Seminggu sebelum keberangkatan delegasi Australia ke UNFCCC Bali itu, PM Rudd resmi meratifikasi Perjanjian Kyoto dengan menandatangani instrumen ratifikasi yang memberikan jalan bagi negara itu menjadi anggota penuh Protokol Kyoto sebelum akhir Maret 2008.
Di bawah aturan Perserikatan Bangsa-Bangsa (PBB), ratifikasi Protokol Kyoto itu baru berlaku setelah 90 hari setelah instrumen ratifikasi diterima PBB.
"Jadi Australia baru akan menjadi anggota penuh Protokol Kyoto sebelum akhir Maret 2008," katanya.

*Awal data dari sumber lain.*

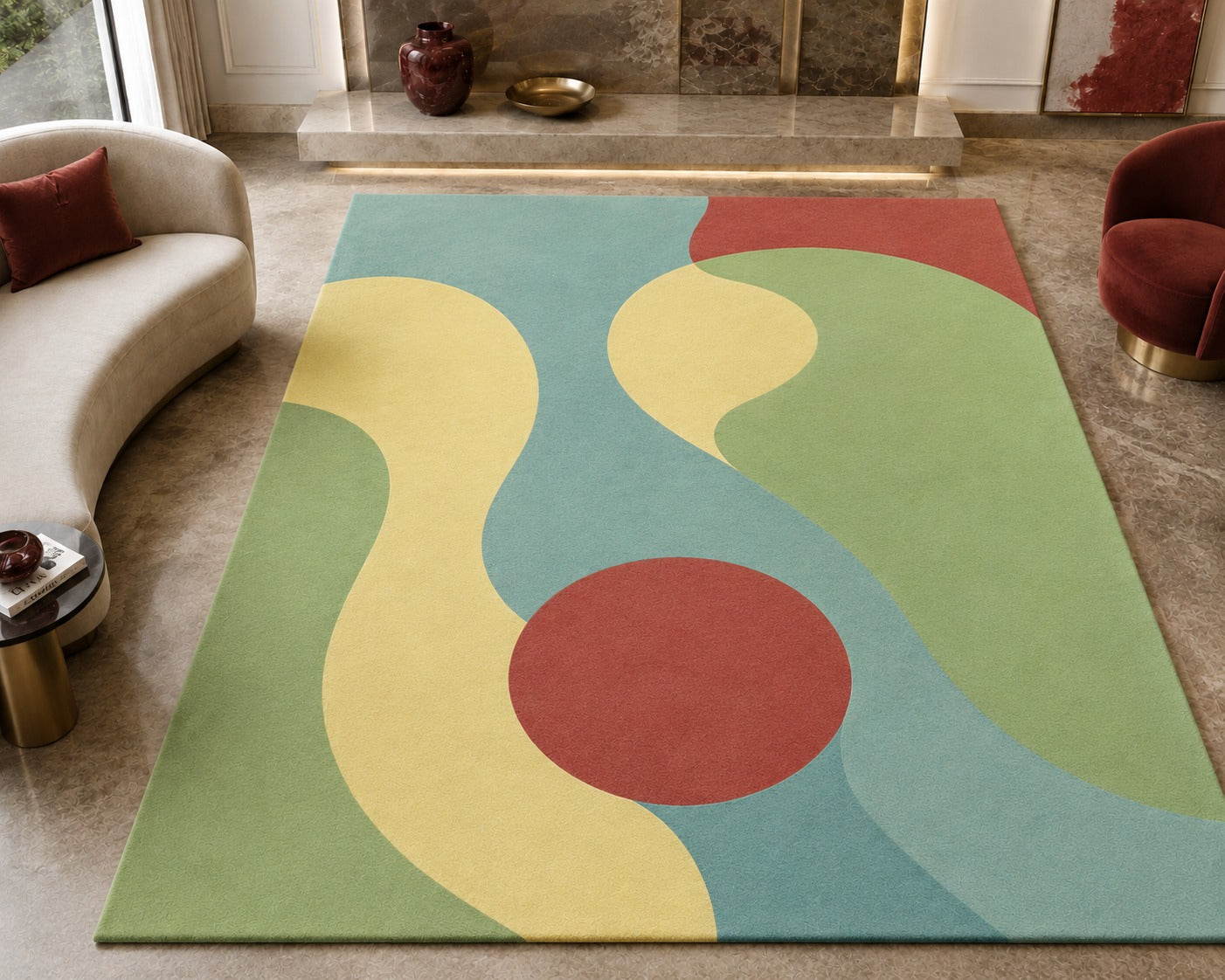 Hand Tufted Pastel Floral Soft Wool Area Rug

PM Rudd mengatakan, bergabungnya Australia ke dalam Protokol Kyoto itu merupakan "langkah maju yang signifikan" dalam upaya Australia ikut merespon dampak negatif perubahan iklim di dalam negeri dan bersama-sama masyarakat internasional.
Dengan keikutsertaan resmi negara itu dalam perjanjian ini, berarti Australia berkewajiban memenuhi target seperti mematok target pengurangan emisi hingga 60 persen pada level 2.000 hingga tahun 2050, dan membentuk skema perdagangan emisi nasional pada 2010, katanya.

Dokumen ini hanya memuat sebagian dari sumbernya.